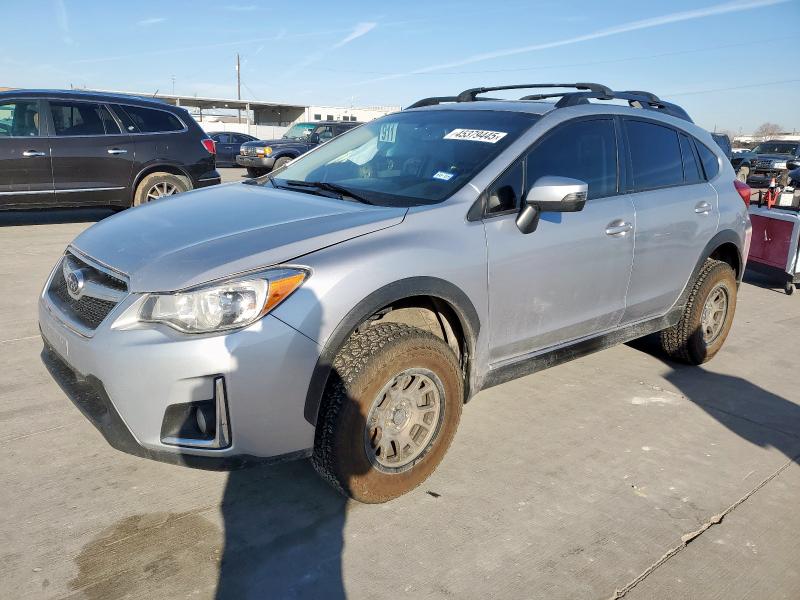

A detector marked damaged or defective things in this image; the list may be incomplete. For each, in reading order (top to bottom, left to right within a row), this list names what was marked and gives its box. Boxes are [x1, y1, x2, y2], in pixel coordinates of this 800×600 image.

pavement crack [608, 454, 796, 600]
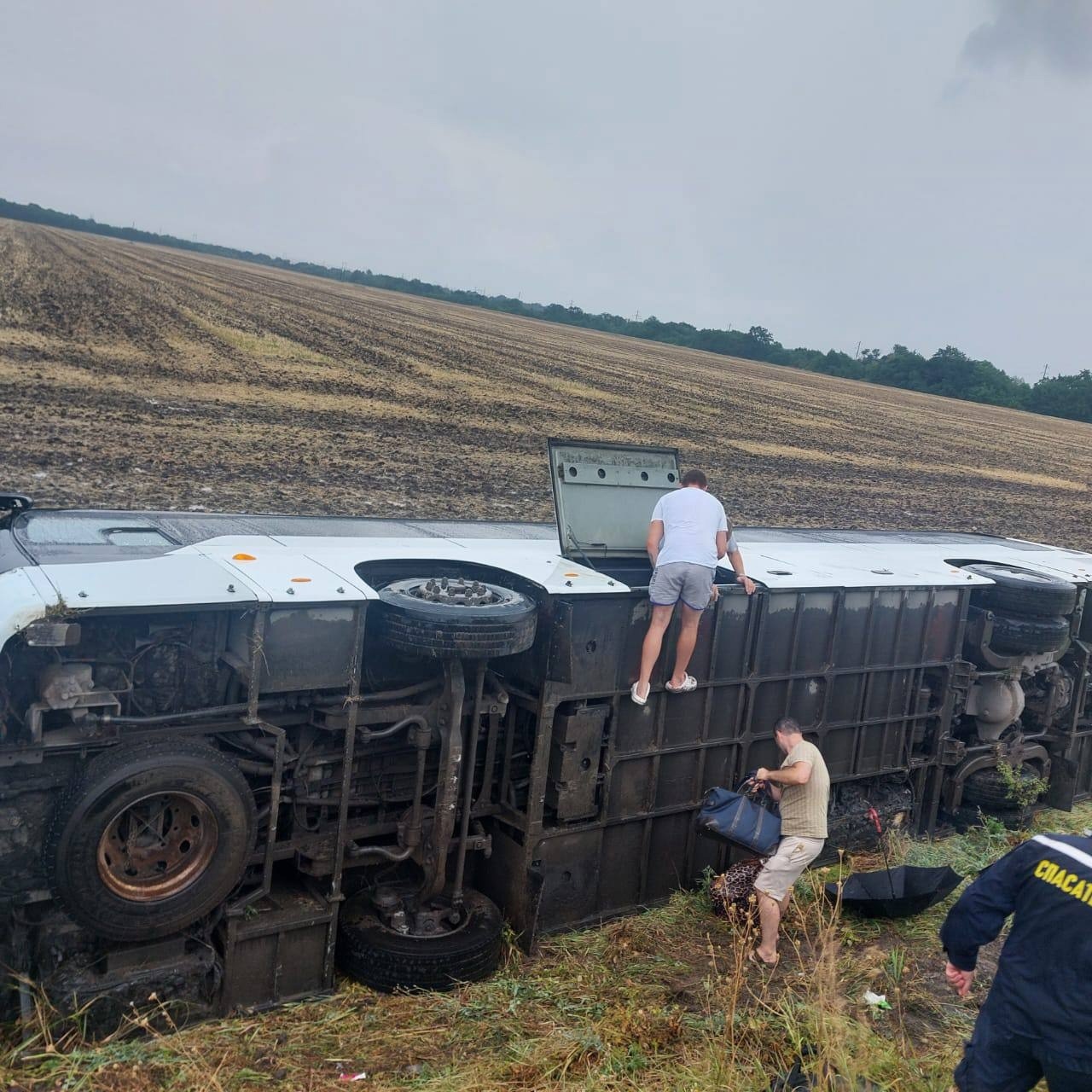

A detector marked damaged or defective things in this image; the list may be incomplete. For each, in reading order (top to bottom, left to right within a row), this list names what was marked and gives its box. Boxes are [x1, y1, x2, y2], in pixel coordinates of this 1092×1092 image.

rusty wheel rim [96, 790, 218, 899]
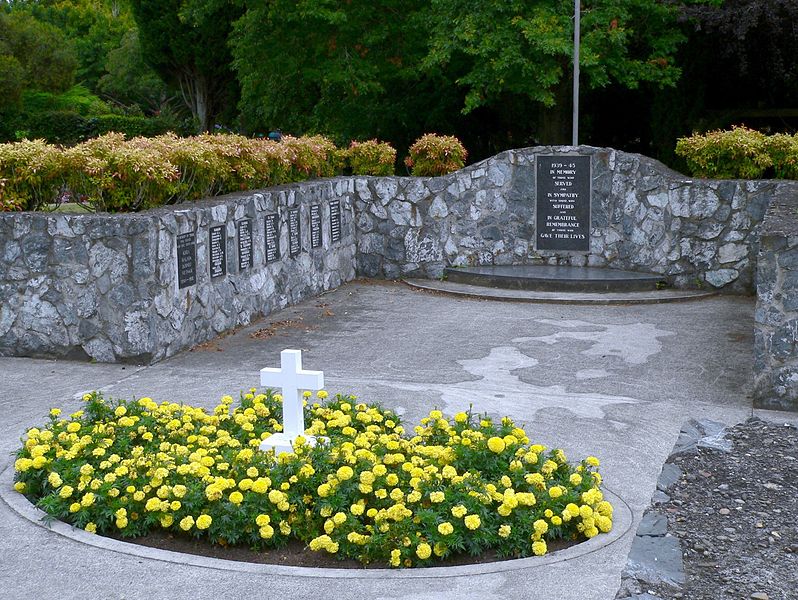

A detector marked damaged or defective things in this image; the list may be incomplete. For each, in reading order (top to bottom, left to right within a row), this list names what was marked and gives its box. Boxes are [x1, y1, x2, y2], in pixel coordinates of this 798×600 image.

cracked concrete paving [3, 282, 796, 600]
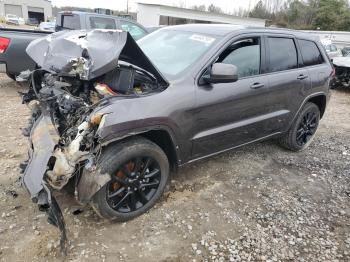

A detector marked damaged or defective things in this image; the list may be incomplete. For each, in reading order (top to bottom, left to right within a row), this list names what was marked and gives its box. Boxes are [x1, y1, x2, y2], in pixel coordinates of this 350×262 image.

crushed hood [25, 29, 167, 85]
damaged jeep grand cherokee [20, 26, 332, 237]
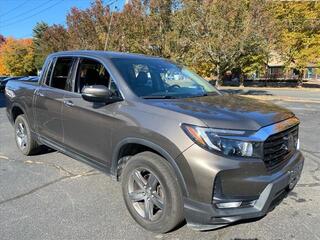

TASK DETAILS: Give the records back verbatim, pictures excluded.

ANSWER BELOW:
A detector marked damaged or defective things in this image; the list may be incomplete. For each, in reading order (top to bottom, left to right within a row), this list names what was marked and gives its box. Boxes are [x1, y1, x2, y2], in pixel coordinates of this 800×600 image.

pavement crack [608, 454, 796, 600]

A detector marked damaged or defective things in this image; the list may be incomplete. For each, in reading order (top to bottom, left to right within a row), this list names what was marked and gives its box. Boxes are [x1, y1, x2, y2], in pixel coordinates of this 1092×1092 image.

rusty wheel rim [96, 790, 218, 899]

A detector marked damaged or defective things in this image; the list may be incomplete. For each, in reading order (top to bottom, left to right within a row), this list names what was marked and gives its box. Boxes are [x1, y1, x2, y2], in pixel coordinates of this 798×600 image.

cracked concrete paving [3, 282, 796, 600]

A detector marked damaged or defective things in this image; the list may be incomplete. For each, in reading order (top to bottom, left to right within a row), this list names what was marked and gives its box. Boxes are [x1, y1, x2, y2], in pixel coordinates of this 350×262 image.

crushed hood [25, 29, 167, 85]
damaged jeep grand cherokee [20, 26, 332, 237]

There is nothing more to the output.